Veel van wat wij ten aanzien van Oisterwijk zeiden, geldt voor "Waalwijk in oude ansichten". Als we echter tegenwoordig van Waalwijk spreken, praten we tegelijkertijd over het geannexeerde Baardwijk en Besoyen, die in de collectie van een kleine 80 foto's ook aan hun trekken komen. De uitgave bepaalt zich tot opnamen van vóór 1 januari 1922, een beperking, die de mogelijkheid niet uitsluit, dat er te zijner tijd nog eens een afzonderlijk deeltje in dezelfde serie aan Waalwijk gewijd kan worden.

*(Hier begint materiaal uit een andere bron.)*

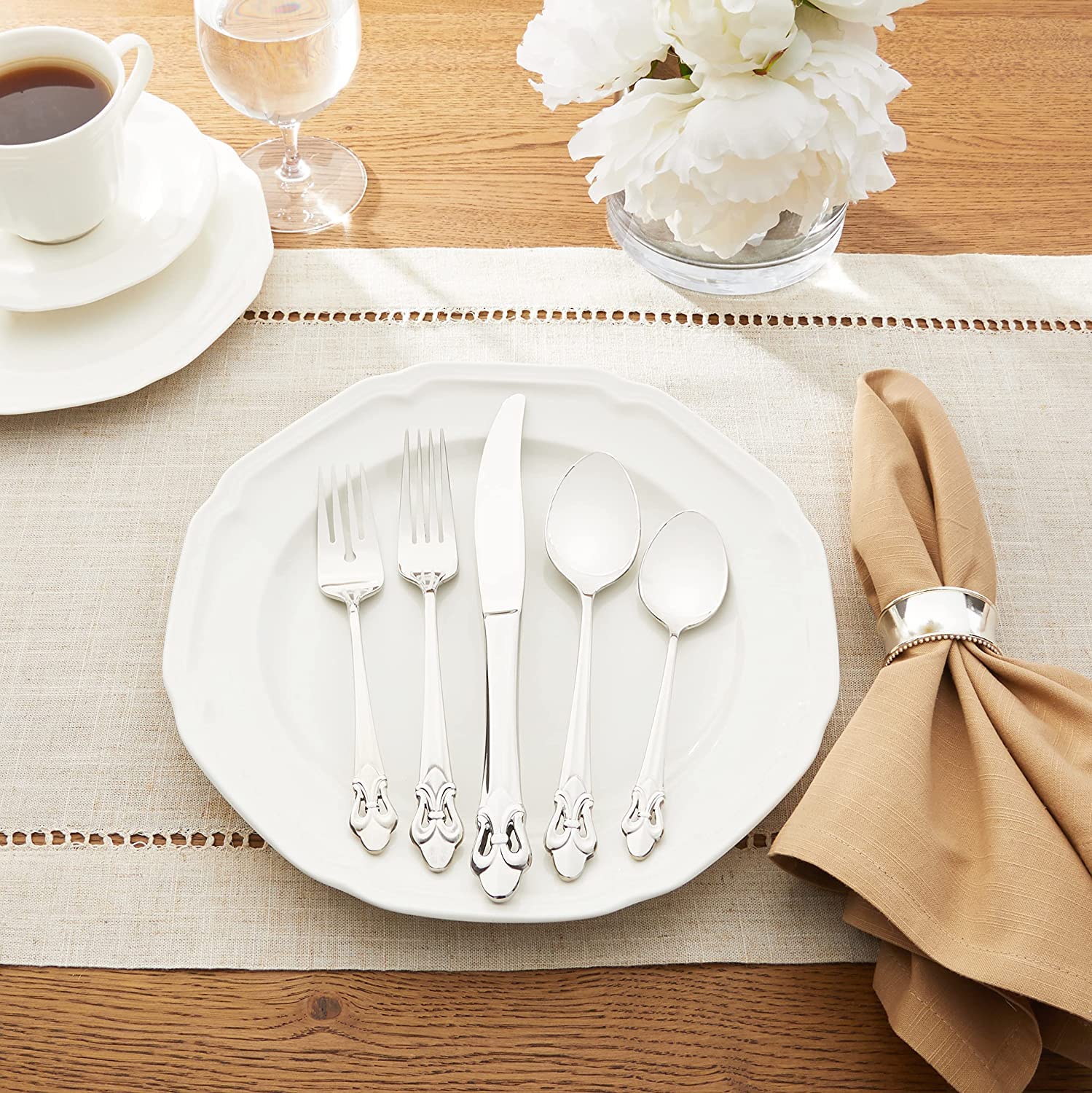Premium 18/10 Stainless Steel Mirror Finish Flatware Set - 42 Piece Fleur de Lis Silverware Service for 8 with 2 Hostess Spoons - Elegant Dining Silver Cutlery for Formal Dinners, Weddings & Special Occasions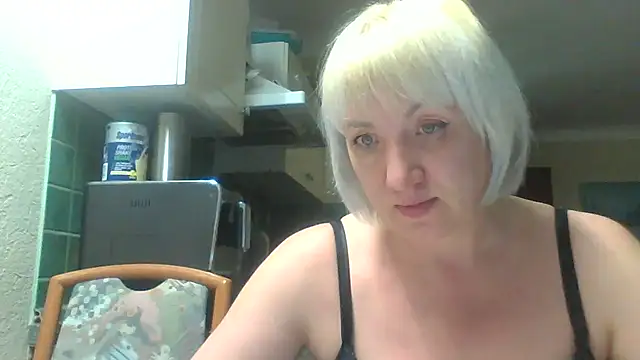 Snapshot of Alena1107 chatting on March 2, 9:54 pm Alena1107 online show from March 2, 9:54 pm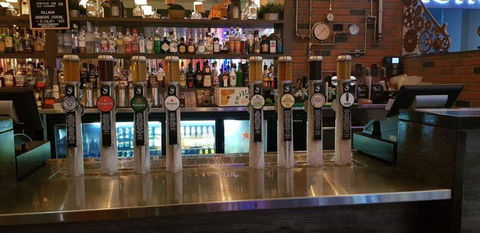 BAR36 - Accommodation Sunshine Coast 0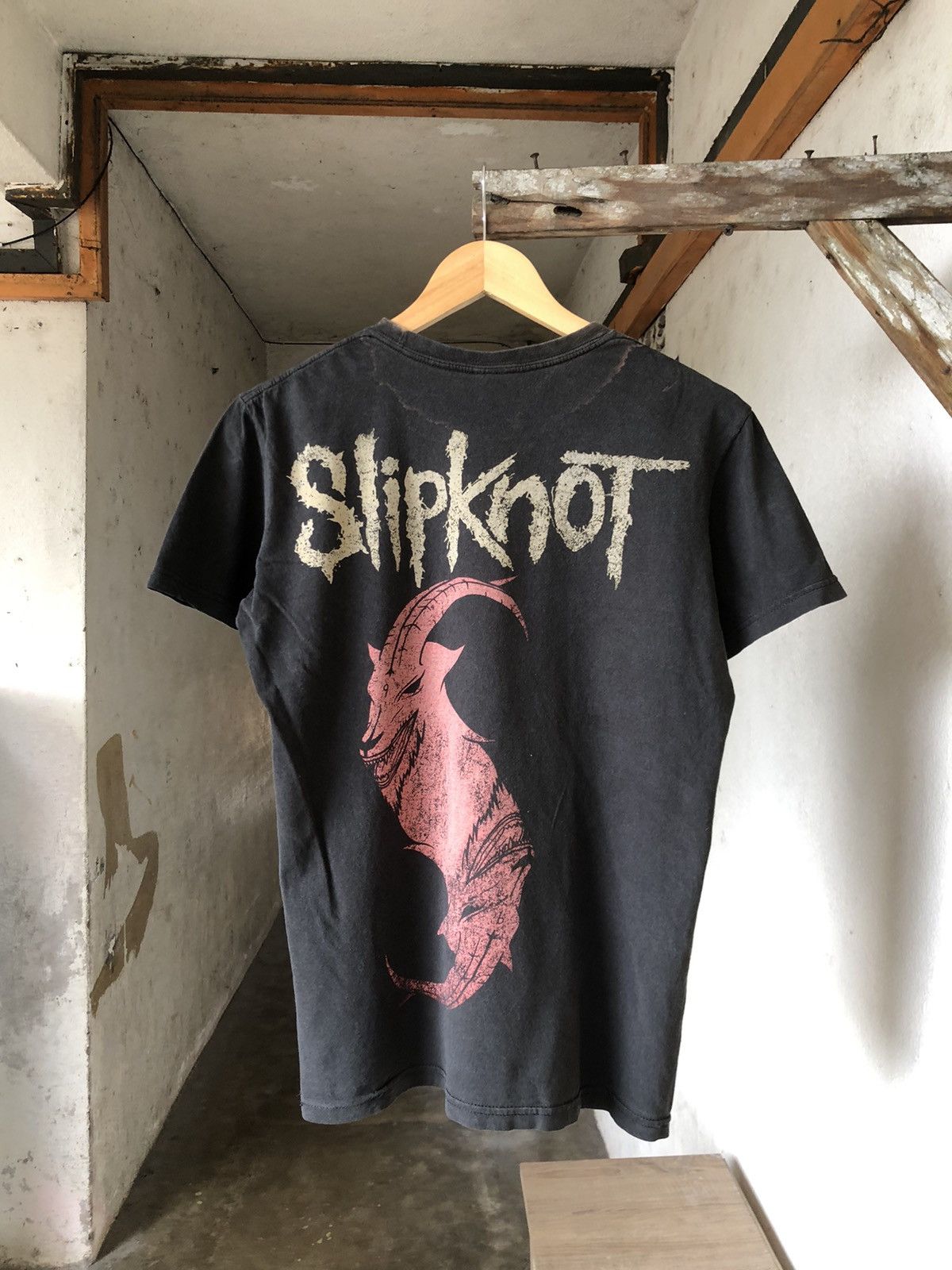 Band Tees Vintage Slipknot Over Graphic Distressed T Shirt Hoodie, Sweatshirt | PodTeesHub.com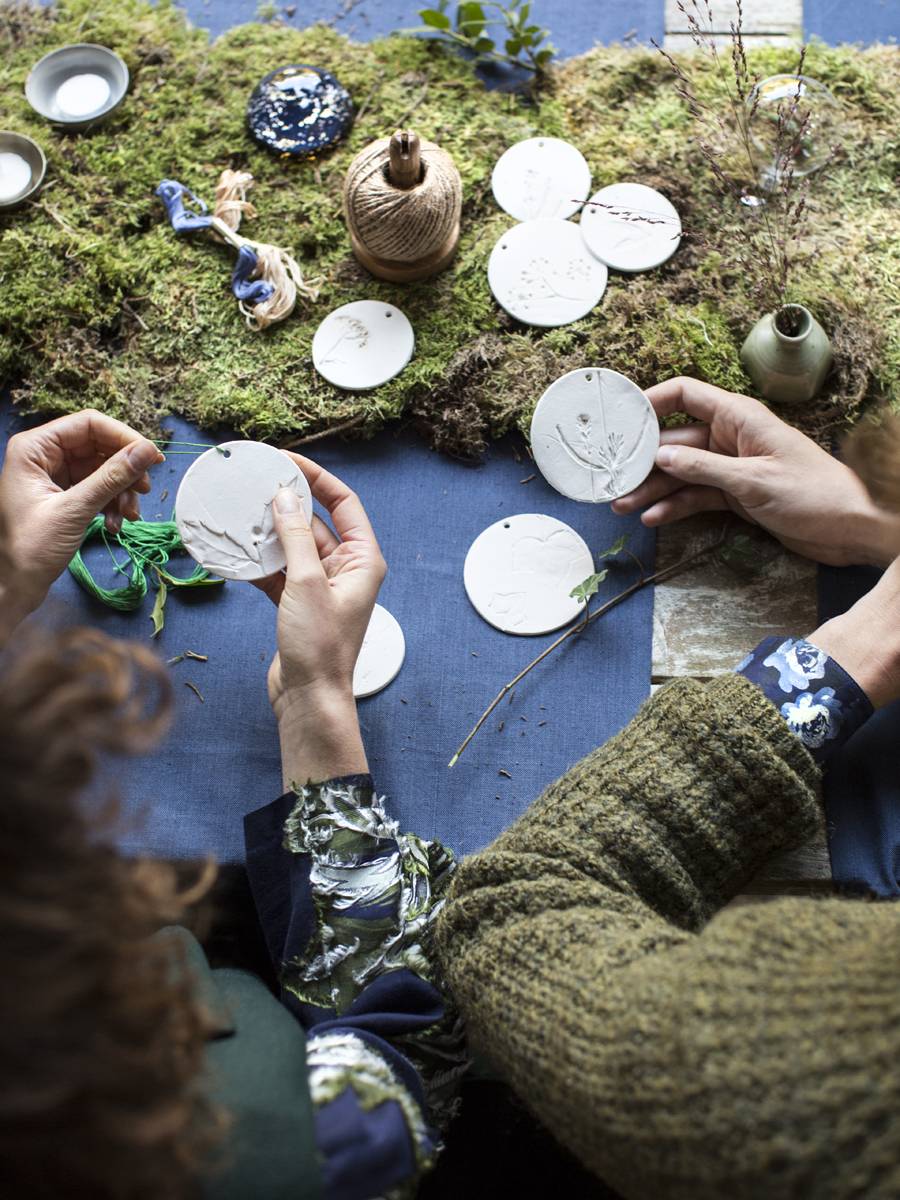 DIY: Pflanzen- und Blumenabdrücke Pflanzenfreude.de - fdf83b5e-0816-4cf4-9679-78487fa9b1d8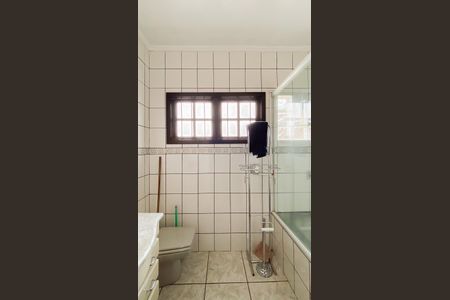 Casa para alugar com 175m², 4 quartos e 6 vagas Casa para alugar com 175m², 4 quartos e 6 vagasBanheiro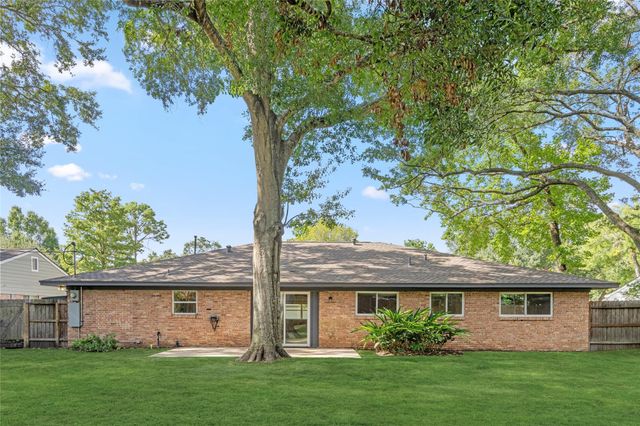 5723 Spellman Road, Houston, TX 77096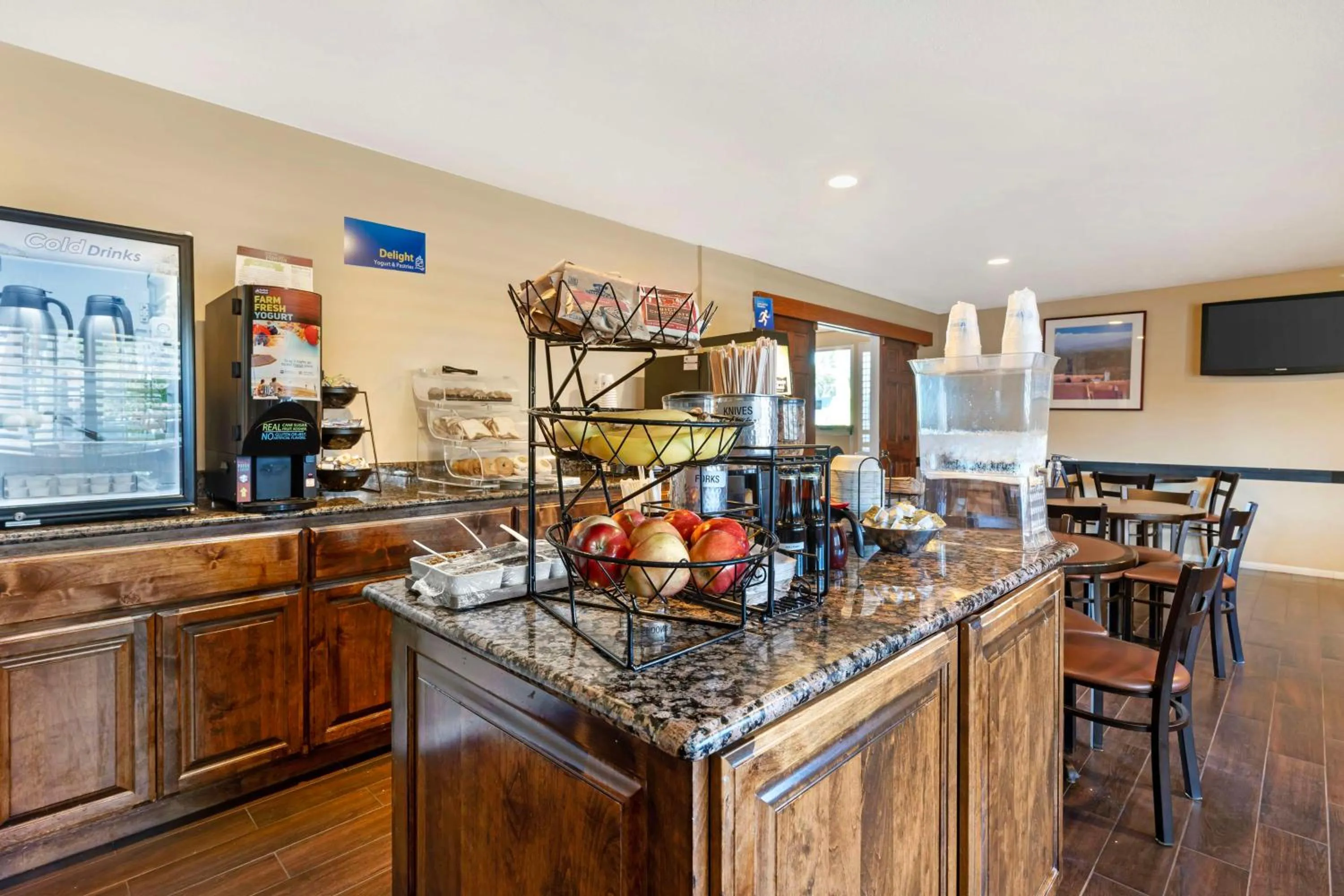 Breakfast in Sonoma Winegrower's Inn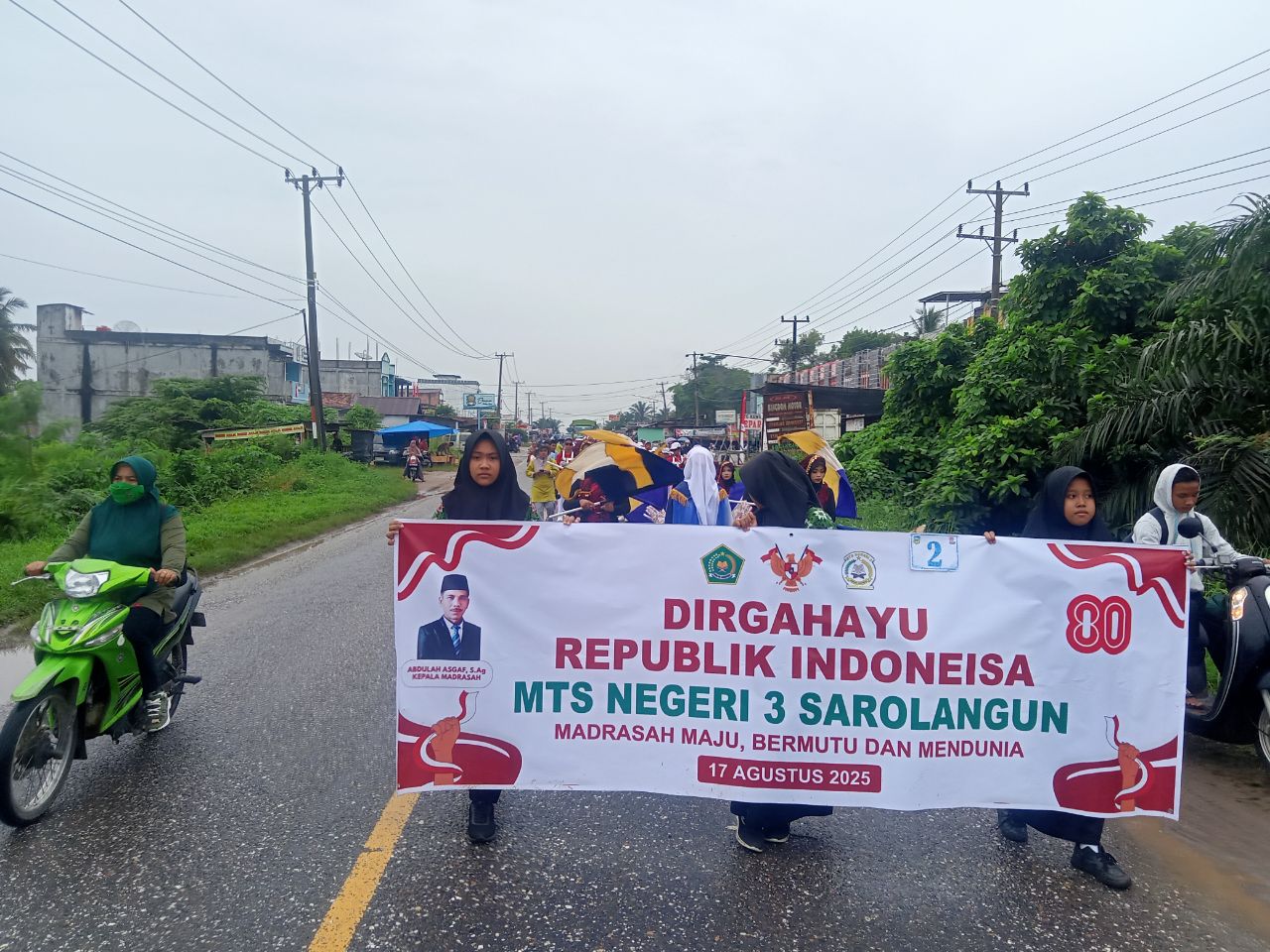 MTsN 3 SAROLANGUN RAMAIKAN KARNAVAL HUT  KEMERDEKAAN RI KE 80  TAHUN 2025.   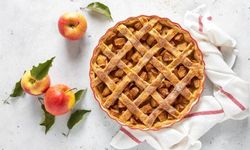 Pastane lezzetini evinize getiren tarif: Fırından çıkar çıkmaz bitecek Elmalı Pay tarifi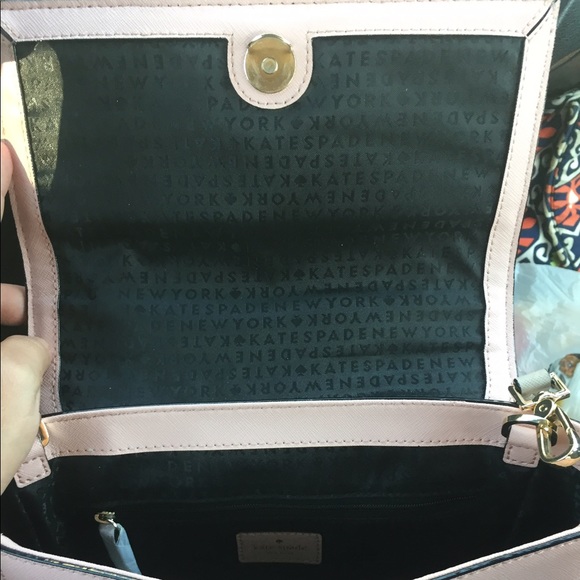 ♠️♠️KATE SPADE  purse♠️♠️ - Picture 3 of 5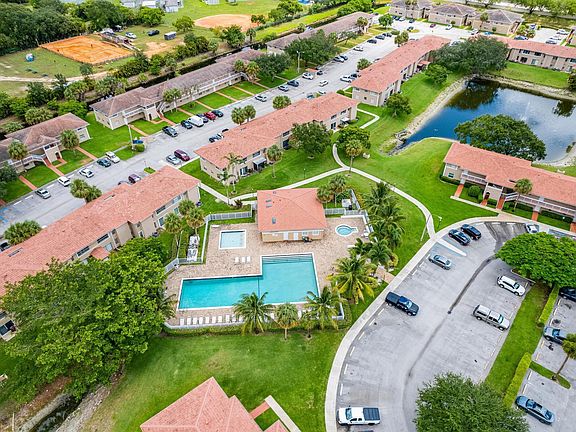 3rd image of 1018 Twin Lakes Drive #21-A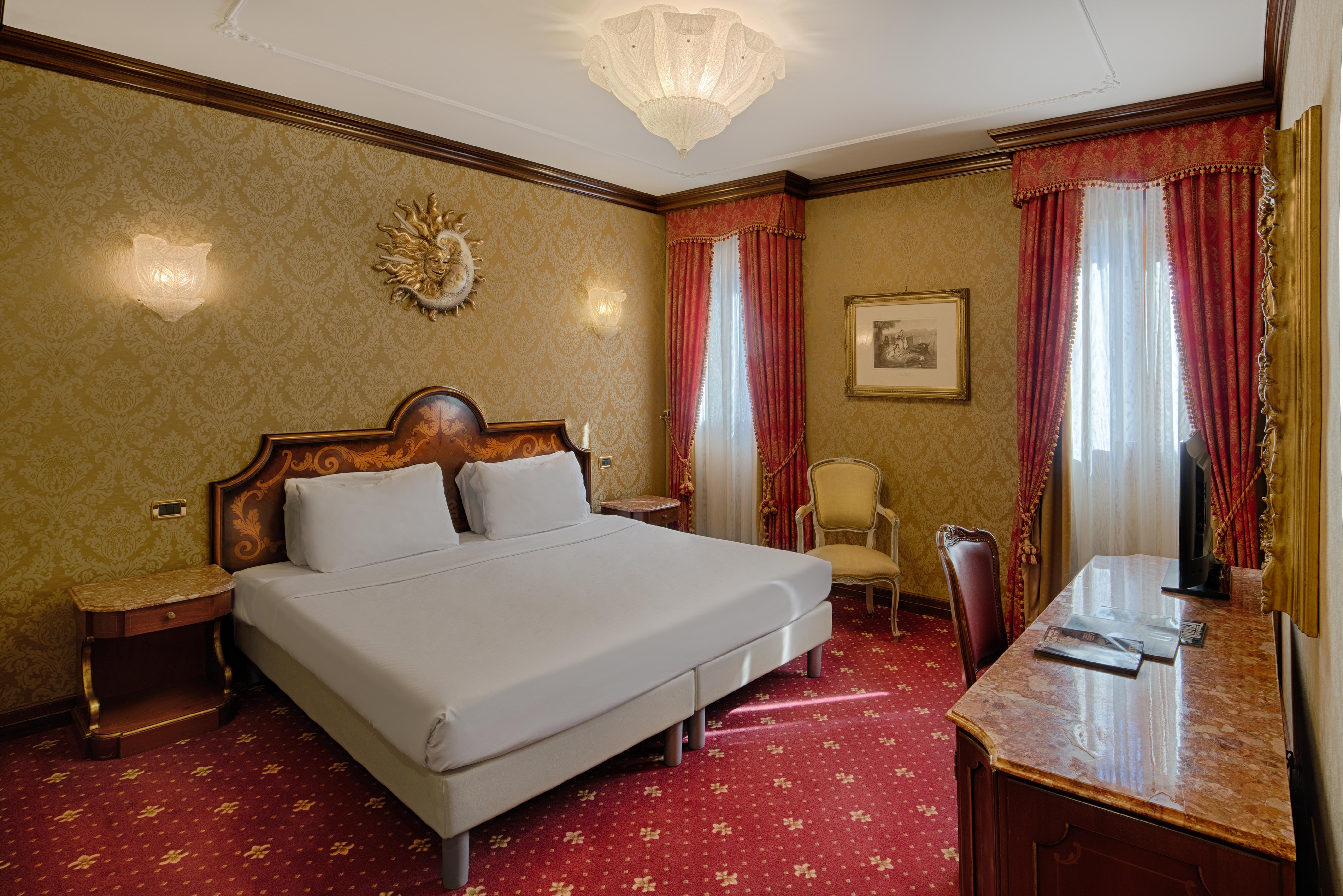 Hotel NH Venezia Santa Lucia Esterno foto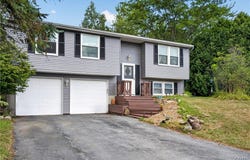 8191 Mantova Dr, Clay, NY 13041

Materiaal daarvoor blijkt in het gemeentearchief ruimschoots aanwezig. Door het beknopte historische overzicht van de hand van G.F. Couwenbergh kreeg ook dit boekje waarde voor niet-ingezetenen. Bij Waalwijk hebben we met een heel andere gemeente dan bij Oisterwijk te maken al hebben ze dan ook schoen- en lederindustrie altijd gemeen.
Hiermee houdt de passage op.